Mifepristone Pharmacology

It is a strong anti-progestin and can bind to progesterone receptors and glucocorticoid receptors. It has 5 times more affinity for progesterone receptors in the endometrium than progesterone. It has an induction effect on all stages of pregnancy in pregnant animals. Non-surgical anti-early pregnancy drugs. There was no significant effect on cortisol levels at effective doses. Because the drug can not cause sufficient uterine activity, it is high in incomplete abortion when used alone for anti-early pregnancy, but it can increase the sensitivity of the uterus to prostaglandins. Therefore, the addition of small doses of prostaglandins can reduce the adverse effects of prostaglandins. , And can significantly improve the complete abortion rate (over 95%). This product has the function of softening and dilating the cervix at the same time. Oral tmax is 1 ~ 3 hours, bioavailability is 70%, plasma protein binding rate is 98%, and t1 / 2 elimination is about 18 hours. Vaginal bleeding usually begins 30 hours after oral administration and lasts for 1 to 16 days.

Mifepristone indication

In addition to anti-pregnant pregnancy, catamenopause, and intrauterine induction of fetal death, it is also used for gynecological operations, such as placement and removal of IUDs, endometrial specimens, laser separation of cervical canal abnormalities, and cervical dilatation. And curettage.

Mifepristone dosage

Due to different dosage forms and specifications, please read the drug instructions carefully or follow the doctor's advice.

Mifepristone adverse reactions

Nausea, vomiting, dizziness, and abdominal pain can be seen. Pain caused by uterine spasm can be treated with analgesics.

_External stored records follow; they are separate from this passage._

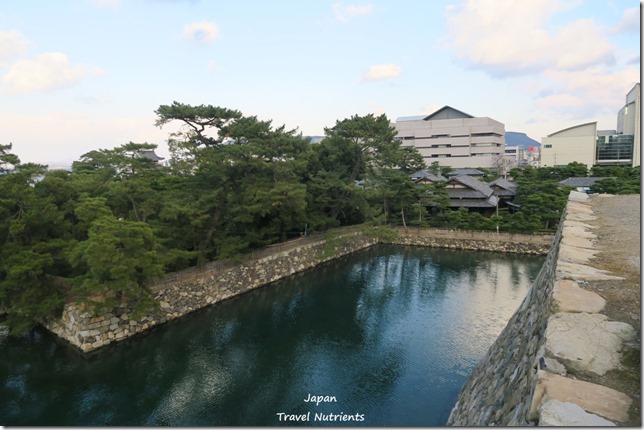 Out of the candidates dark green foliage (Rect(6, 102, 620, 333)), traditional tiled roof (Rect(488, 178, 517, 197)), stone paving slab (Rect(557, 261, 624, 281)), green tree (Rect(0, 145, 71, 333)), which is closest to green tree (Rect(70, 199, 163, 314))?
dark green foliage (Rect(6, 102, 620, 333))

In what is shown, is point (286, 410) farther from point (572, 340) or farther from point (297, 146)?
point (297, 146)

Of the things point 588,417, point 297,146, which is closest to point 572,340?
point 588,417

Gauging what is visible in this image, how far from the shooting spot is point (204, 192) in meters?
15.3

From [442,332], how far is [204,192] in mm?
10345

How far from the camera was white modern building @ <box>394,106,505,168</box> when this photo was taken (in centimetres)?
5053

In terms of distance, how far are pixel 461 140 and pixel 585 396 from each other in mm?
53183

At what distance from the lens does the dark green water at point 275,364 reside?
845 cm

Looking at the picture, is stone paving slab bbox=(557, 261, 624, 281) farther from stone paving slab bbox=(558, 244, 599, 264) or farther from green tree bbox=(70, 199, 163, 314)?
green tree bbox=(70, 199, 163, 314)

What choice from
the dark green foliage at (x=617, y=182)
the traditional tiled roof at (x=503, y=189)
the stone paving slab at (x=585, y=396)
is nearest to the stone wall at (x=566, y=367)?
the stone paving slab at (x=585, y=396)

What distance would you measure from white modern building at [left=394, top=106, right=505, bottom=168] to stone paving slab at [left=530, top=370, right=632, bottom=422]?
52.0 m

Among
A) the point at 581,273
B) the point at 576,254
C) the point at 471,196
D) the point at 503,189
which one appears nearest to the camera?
the point at 581,273

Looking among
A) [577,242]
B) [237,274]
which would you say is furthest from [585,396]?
[237,274]

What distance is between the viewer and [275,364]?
1046 cm

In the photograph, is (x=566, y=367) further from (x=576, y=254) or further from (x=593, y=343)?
(x=576, y=254) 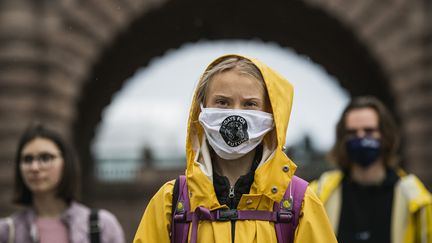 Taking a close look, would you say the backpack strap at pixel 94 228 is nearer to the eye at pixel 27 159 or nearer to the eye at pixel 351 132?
the eye at pixel 27 159

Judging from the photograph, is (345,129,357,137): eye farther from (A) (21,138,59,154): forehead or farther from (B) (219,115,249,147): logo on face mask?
(B) (219,115,249,147): logo on face mask

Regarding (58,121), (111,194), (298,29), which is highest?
(298,29)

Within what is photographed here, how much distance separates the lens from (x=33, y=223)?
14.4ft

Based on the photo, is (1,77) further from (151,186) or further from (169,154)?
(169,154)

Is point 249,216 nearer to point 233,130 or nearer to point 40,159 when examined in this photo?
point 233,130

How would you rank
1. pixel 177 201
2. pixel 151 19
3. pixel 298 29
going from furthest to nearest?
pixel 298 29 → pixel 151 19 → pixel 177 201

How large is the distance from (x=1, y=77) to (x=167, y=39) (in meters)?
4.12

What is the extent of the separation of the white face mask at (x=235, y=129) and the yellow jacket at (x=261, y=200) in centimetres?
6

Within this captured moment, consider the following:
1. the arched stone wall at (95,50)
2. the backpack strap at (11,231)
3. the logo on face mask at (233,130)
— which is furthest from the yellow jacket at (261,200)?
the arched stone wall at (95,50)

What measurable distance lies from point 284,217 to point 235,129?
31 cm

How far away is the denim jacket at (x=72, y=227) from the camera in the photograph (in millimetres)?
4344

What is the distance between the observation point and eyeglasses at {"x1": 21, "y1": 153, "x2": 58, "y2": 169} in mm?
4496

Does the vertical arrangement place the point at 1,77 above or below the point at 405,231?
above

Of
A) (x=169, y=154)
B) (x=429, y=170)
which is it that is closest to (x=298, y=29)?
(x=429, y=170) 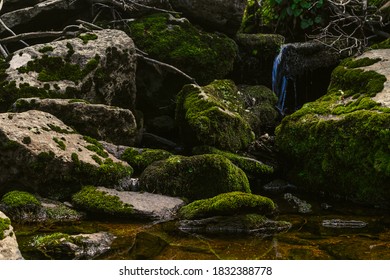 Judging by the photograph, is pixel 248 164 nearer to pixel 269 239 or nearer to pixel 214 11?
pixel 269 239

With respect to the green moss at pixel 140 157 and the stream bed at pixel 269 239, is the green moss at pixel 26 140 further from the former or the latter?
the green moss at pixel 140 157

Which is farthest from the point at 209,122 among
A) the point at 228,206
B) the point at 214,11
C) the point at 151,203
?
the point at 214,11

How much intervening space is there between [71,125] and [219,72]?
16.4 feet

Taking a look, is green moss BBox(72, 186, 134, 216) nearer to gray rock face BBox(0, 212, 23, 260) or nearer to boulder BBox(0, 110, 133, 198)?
boulder BBox(0, 110, 133, 198)

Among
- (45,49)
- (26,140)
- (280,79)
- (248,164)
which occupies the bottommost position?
(248,164)

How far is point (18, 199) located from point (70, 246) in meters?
1.76

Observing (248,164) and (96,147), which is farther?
(248,164)

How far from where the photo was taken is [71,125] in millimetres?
8547

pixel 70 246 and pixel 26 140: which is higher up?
pixel 26 140

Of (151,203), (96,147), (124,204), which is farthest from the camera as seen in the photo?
(96,147)

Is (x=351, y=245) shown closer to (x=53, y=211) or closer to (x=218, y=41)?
(x=53, y=211)

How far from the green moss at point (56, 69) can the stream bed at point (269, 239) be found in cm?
417

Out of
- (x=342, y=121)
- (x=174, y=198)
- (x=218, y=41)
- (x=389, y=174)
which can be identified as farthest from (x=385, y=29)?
(x=174, y=198)

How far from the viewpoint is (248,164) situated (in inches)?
345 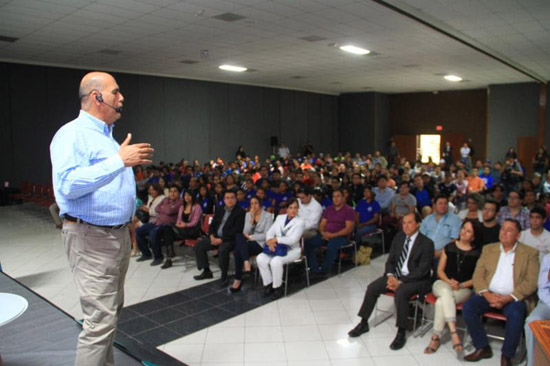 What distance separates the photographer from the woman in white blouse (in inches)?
201

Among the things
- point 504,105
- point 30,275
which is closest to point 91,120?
point 30,275

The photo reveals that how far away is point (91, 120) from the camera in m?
1.96

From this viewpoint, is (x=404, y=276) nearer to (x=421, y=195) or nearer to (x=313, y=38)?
(x=421, y=195)

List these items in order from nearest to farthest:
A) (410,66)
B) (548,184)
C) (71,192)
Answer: (71,192) < (548,184) < (410,66)

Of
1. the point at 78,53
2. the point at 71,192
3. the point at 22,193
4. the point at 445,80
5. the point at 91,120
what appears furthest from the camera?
the point at 445,80

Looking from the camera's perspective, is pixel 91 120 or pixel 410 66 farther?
pixel 410 66

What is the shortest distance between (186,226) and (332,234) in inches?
81.6

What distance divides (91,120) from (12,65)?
1180 centimetres

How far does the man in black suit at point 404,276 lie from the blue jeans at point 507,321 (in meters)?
0.48

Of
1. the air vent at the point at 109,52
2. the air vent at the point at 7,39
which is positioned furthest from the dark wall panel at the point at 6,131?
the air vent at the point at 109,52

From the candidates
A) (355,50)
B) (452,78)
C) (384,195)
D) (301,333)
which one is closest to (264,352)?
(301,333)

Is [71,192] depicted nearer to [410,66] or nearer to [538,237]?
[538,237]

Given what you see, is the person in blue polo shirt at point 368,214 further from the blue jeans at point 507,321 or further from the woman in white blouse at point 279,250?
the blue jeans at point 507,321

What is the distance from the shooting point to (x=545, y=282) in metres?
3.49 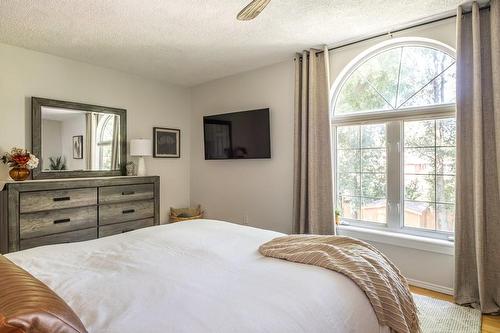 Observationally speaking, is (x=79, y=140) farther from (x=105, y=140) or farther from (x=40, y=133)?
(x=40, y=133)

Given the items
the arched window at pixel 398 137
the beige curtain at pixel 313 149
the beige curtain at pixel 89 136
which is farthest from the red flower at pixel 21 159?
the arched window at pixel 398 137

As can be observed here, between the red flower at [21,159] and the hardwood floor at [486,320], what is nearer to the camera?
the hardwood floor at [486,320]

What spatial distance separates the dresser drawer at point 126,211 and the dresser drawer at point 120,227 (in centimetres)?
5

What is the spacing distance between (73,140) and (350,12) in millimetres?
3292

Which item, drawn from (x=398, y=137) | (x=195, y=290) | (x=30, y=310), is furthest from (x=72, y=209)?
(x=398, y=137)

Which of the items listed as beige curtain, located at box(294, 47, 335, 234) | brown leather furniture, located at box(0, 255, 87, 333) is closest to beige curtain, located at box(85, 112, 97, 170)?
beige curtain, located at box(294, 47, 335, 234)

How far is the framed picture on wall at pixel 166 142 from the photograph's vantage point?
174 inches

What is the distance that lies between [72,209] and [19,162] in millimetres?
666

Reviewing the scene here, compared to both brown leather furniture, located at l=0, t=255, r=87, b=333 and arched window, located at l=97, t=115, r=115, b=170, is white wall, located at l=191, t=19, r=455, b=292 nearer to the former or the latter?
arched window, located at l=97, t=115, r=115, b=170

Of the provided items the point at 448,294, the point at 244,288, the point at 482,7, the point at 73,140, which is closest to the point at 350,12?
the point at 482,7

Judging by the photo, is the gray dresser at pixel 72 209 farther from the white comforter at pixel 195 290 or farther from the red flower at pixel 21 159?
the white comforter at pixel 195 290

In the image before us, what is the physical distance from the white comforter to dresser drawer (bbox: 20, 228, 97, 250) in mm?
1465

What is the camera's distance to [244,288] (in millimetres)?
1140

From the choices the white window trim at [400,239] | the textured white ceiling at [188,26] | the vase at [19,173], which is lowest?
the white window trim at [400,239] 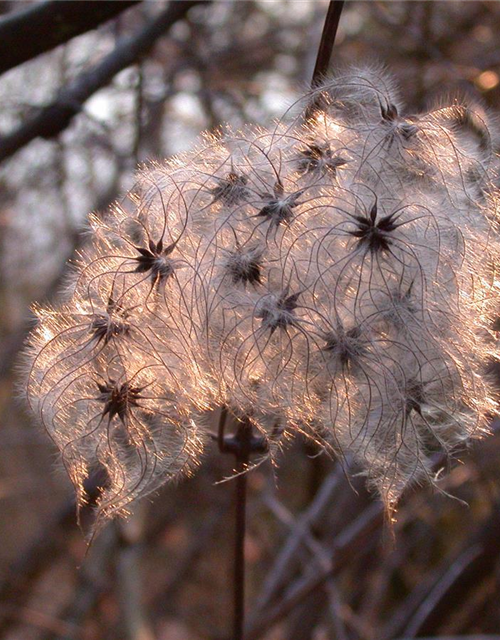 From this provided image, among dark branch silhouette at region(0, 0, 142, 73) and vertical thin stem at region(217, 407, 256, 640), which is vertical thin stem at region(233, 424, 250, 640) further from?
dark branch silhouette at region(0, 0, 142, 73)

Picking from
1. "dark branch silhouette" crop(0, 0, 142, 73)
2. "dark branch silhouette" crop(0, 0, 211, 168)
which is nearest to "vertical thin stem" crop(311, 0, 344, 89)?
"dark branch silhouette" crop(0, 0, 142, 73)

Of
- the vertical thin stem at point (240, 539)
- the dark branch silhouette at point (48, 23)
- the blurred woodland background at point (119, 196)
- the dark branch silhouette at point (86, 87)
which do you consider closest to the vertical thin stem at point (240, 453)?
the vertical thin stem at point (240, 539)

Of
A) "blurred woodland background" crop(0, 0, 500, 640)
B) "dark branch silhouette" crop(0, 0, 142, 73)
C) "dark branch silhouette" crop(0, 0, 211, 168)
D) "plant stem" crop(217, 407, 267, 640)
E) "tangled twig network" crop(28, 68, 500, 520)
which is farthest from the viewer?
"blurred woodland background" crop(0, 0, 500, 640)

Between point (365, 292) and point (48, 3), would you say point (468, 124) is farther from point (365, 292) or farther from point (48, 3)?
point (48, 3)

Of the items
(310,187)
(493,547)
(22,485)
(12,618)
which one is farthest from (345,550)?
(22,485)

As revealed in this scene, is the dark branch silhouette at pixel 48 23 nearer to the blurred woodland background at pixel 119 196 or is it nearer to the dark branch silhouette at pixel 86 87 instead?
the blurred woodland background at pixel 119 196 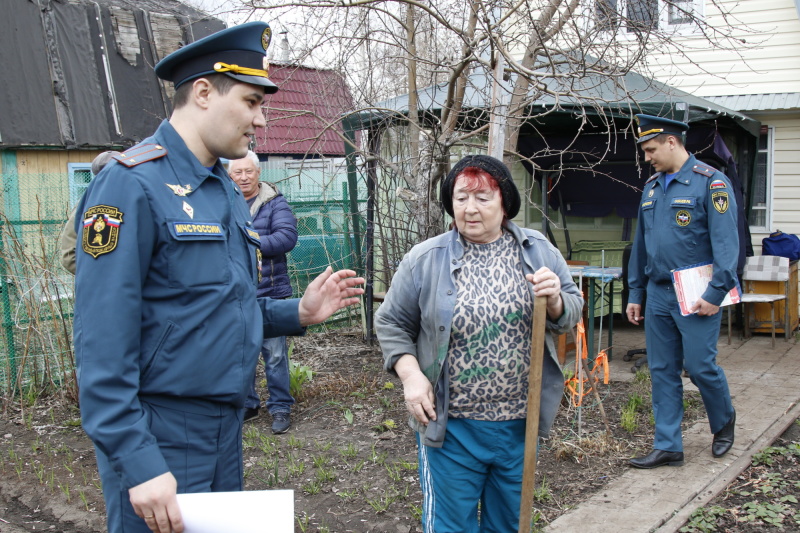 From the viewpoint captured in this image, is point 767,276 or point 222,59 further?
point 767,276

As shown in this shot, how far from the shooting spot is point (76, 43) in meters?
11.3

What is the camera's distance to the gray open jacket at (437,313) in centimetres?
284

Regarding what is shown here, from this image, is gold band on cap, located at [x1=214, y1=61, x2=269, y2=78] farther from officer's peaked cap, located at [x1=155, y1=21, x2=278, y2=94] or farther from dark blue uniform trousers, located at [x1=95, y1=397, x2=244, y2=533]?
dark blue uniform trousers, located at [x1=95, y1=397, x2=244, y2=533]

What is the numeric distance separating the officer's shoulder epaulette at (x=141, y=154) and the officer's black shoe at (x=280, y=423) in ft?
12.3

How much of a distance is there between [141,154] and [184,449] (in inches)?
33.0

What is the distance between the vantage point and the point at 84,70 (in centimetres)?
1130

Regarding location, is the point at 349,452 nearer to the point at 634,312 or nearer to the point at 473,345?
the point at 634,312

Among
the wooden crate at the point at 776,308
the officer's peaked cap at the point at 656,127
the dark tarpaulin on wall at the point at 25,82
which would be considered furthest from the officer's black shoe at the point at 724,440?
the dark tarpaulin on wall at the point at 25,82

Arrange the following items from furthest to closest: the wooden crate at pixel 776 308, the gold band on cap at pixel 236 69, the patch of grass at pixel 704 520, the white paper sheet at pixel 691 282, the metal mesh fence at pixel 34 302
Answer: the wooden crate at pixel 776 308
the metal mesh fence at pixel 34 302
the white paper sheet at pixel 691 282
the patch of grass at pixel 704 520
the gold band on cap at pixel 236 69

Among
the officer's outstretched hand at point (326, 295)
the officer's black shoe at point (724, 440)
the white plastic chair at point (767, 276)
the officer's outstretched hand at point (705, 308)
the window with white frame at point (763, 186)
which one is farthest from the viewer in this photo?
the window with white frame at point (763, 186)

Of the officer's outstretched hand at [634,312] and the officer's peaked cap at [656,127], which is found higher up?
the officer's peaked cap at [656,127]

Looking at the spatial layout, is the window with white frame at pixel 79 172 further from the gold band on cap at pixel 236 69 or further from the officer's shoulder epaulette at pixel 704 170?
the gold band on cap at pixel 236 69

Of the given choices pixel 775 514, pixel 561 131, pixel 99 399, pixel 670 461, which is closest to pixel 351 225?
pixel 561 131

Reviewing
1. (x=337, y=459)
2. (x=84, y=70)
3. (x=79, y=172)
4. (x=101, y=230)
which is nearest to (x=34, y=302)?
(x=337, y=459) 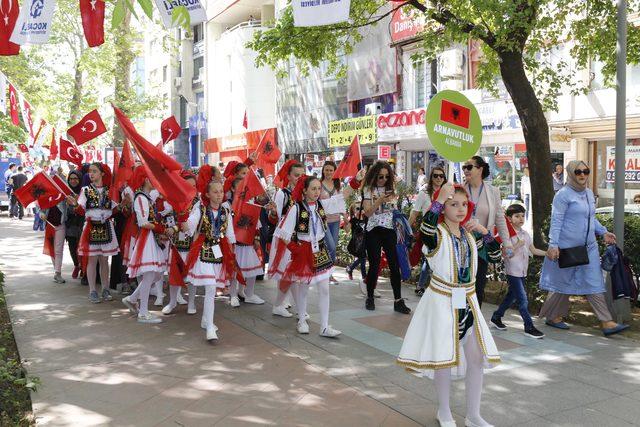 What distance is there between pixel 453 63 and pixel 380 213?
15072mm

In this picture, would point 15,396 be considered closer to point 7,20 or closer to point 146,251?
point 146,251

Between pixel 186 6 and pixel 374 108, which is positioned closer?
pixel 186 6

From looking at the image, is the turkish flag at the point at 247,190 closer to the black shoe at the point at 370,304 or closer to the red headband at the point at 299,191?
the red headband at the point at 299,191

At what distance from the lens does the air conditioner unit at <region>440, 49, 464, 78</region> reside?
21344mm

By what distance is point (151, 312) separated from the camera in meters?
7.87

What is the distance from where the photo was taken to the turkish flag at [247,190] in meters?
8.02

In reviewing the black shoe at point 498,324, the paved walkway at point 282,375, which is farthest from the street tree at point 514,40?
the paved walkway at point 282,375

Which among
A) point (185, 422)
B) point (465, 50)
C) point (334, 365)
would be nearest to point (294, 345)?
point (334, 365)

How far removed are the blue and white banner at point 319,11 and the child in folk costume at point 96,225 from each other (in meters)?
3.82

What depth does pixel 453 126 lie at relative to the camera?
4723 mm

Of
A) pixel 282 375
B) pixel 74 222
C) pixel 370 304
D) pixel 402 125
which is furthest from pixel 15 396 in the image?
pixel 402 125

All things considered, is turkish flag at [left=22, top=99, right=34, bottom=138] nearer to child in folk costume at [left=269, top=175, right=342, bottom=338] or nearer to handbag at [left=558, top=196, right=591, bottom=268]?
child in folk costume at [left=269, top=175, right=342, bottom=338]

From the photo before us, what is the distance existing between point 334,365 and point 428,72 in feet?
63.5

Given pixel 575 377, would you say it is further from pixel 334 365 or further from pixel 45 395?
pixel 45 395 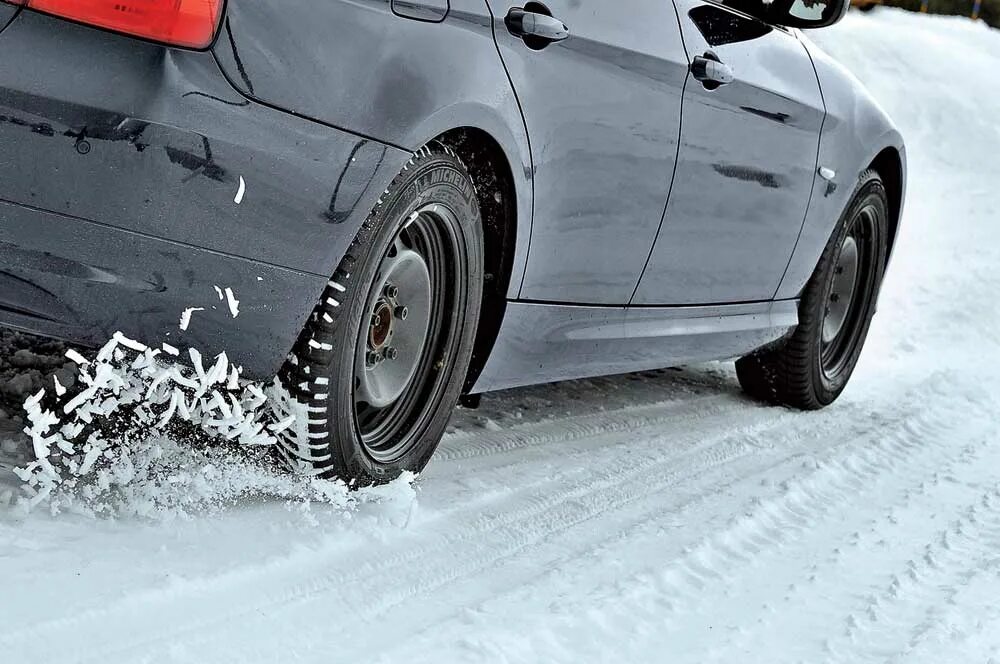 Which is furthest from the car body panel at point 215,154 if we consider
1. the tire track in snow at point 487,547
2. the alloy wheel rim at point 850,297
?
the alloy wheel rim at point 850,297

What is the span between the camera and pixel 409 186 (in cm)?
265

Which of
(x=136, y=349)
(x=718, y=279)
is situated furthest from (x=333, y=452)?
(x=718, y=279)

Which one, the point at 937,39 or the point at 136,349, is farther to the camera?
the point at 937,39

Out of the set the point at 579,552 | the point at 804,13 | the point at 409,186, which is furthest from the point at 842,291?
the point at 409,186

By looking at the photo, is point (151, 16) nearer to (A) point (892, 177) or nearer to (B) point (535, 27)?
(B) point (535, 27)

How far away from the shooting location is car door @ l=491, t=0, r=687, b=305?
2.96m

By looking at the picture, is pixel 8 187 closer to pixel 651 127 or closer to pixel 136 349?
pixel 136 349

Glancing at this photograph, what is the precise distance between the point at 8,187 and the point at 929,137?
1125cm

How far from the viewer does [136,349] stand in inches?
92.8

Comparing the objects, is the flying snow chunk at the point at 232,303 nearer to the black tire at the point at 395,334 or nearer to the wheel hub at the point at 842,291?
the black tire at the point at 395,334

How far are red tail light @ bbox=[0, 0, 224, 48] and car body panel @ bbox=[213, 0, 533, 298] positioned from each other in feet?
0.11

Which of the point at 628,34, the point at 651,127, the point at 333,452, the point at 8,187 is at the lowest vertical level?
the point at 333,452

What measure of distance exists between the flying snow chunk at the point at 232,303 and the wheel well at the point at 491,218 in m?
0.65

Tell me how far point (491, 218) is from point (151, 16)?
1.09 m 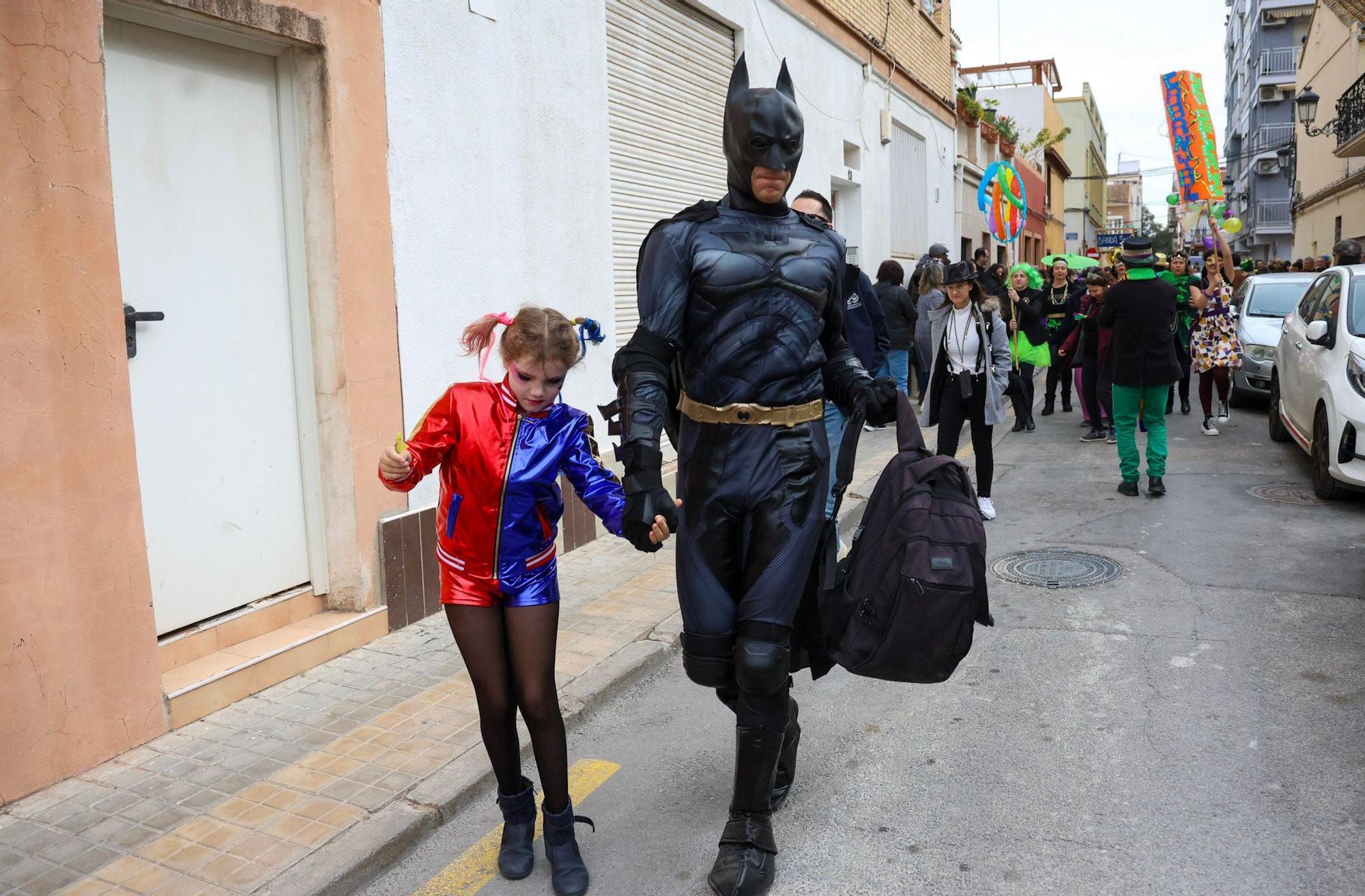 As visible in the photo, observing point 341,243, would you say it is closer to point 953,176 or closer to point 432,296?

Mifepristone contraindications

People with heart, liver, kidney disease and adrenal insufficiency, who have been receiving corticosteroid therapy for a long time, ectopic pregnancy, bleeding disorders, patients who do not comply with treatment, do not understand the role of treatment, porphyria, intrauterine device IUD, allergies, etc. Are disabled.

Mifepristone precautions

(1) This product should not be used in early pregnancy with severe reactions, nausea and frequent vomiting to avoid worsening the reaction. (2) For men diagnosed with early pregnancy, menopause should not exceed 49 days. The shorter the pregnancy, the better the effect. (3) When using this product and prostaglandin sequential medication to fight early pregnancy, a small number of women have incomplete abortion, which can cause a lot of bleeding, so it must be used under the supervision of a doctor and processed in a timely manner. (4) After taking the drug, a small amount of vaginal bleeding usually occurs, and a small number of women have abortions before taking prostaglandin drugs; about 80% of pregnant women discharge villous fetal sacs within 6 hours after using prostaglandins, and about 10% during pregnancy Women excrete the fetal sac within one week after taking the medicine. (5) Patients should be consulted 8 to 15 days after administration to determine the effect of abortion. Ultrasound may be performed if necessary, or blood chorionic gonadotropin (HCG) may be determined. If the diagnosis is abortion failure or incomplete abortion, negative pressure suction hysterectomy should be performed. Terminate pregnancy or clear the uterine cavity. (6) All doctors or patients undergoing abortion surgery should be carefully considered before use, because this product may have some special risks, such as sepsis. (7) Because this product must be administered sequentially with prostaglandins, there are contraindications for prostaglandins, such as glaucoma, asthma, and allergies, mifepristone should not be used. Avoid use in pregnant women over 35 years old, smoking women.

Mifepristone drug interactions

Cannot be used in combination with rifampicin, carbamazepine, griseofulvin, barbiturates, phenytoin, non-steroidal anti-inflammatory drugs, aspirin, and adrenal corticosteroids.